#144 鎧を得た騎士

 翼を広げ、悠然と空を舞う巨大な獣。

 鷲頭獣グリフォンの群れが逃げまどう光景を眺め、“孤独なる十一イレブンフラッグス”の評議員を務めるイオランダ・ランフランキは甲高い笑い声をあげる。


「まぁまぁ最初は威勢がよかったというのに、今はなんという無様かしら。なにが伝説の魔獣か、所詮は野の獣でしかないということね」


 捕らえたハルピュイアを用いた人質作戦は、この上なく効果的であった。正面からでは手こずる鷲頭獣も、もはや追い詰められた獲物へと成り下がっている。その様はいっそ滑稽ですらあった。

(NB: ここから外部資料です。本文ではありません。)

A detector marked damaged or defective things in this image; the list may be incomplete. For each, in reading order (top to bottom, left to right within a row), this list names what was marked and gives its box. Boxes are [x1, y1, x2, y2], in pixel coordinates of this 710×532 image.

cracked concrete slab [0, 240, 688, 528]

 ひとしきり笑って満足した彼女が椅子に身を沈めたとき、船橋の入り口から控えめなノックの音が響く。


「失礼いたします。新たな材料が届きました、ご検分を」


 続いて兵士たちがぞろぞろと現れ、船橋に荷物を運びこんできた。覆い布の下から現れたのは、手足を縛りあげられた人――いや、未だ年若いハルピュイアの女性であった。

 捕らえられたときの薬がまだ効いているのだろう、意識を失ったままの彼女は名をホーガラという。


 イオランダはさっと立ち上がると、真剣な表情でホーガラの全身を検めてゆく。

 それがどのような名を持ち何を思うかなど彼女にとってどうでも良いこと。興味を持つのはただひとつ、商品としての価値のみである。


「これは……今までの中でもよい素材ね」


 その姿は彼女の美的感覚においても美しかった。ただ若いだけでなく均整がとれており、造形自体が見事である。肌はなめらかで傷ひとつない。捕らえる際に薬物を使うのは不要な傷をつけないためでもあった。


 ハルピュイアは種族の特徴として長い髪をもつが、質は非常に硬い。この髪は空を飛ぶときに翼状に変化することをイオランダは知っていた。


「ふふふ……これだけの素材、さぞかし美しく私の船を飾ってくれることでしょう。ああ、今から完成が楽しみですわ」


 うっとりとした表情でつぶやかれた言葉を、兵士たちは無表情に聞いていた。意味を理解できる者が聞けば正気を疑うような言葉、しかしこの程度で動揺していては彼女の部下は務まらないのである。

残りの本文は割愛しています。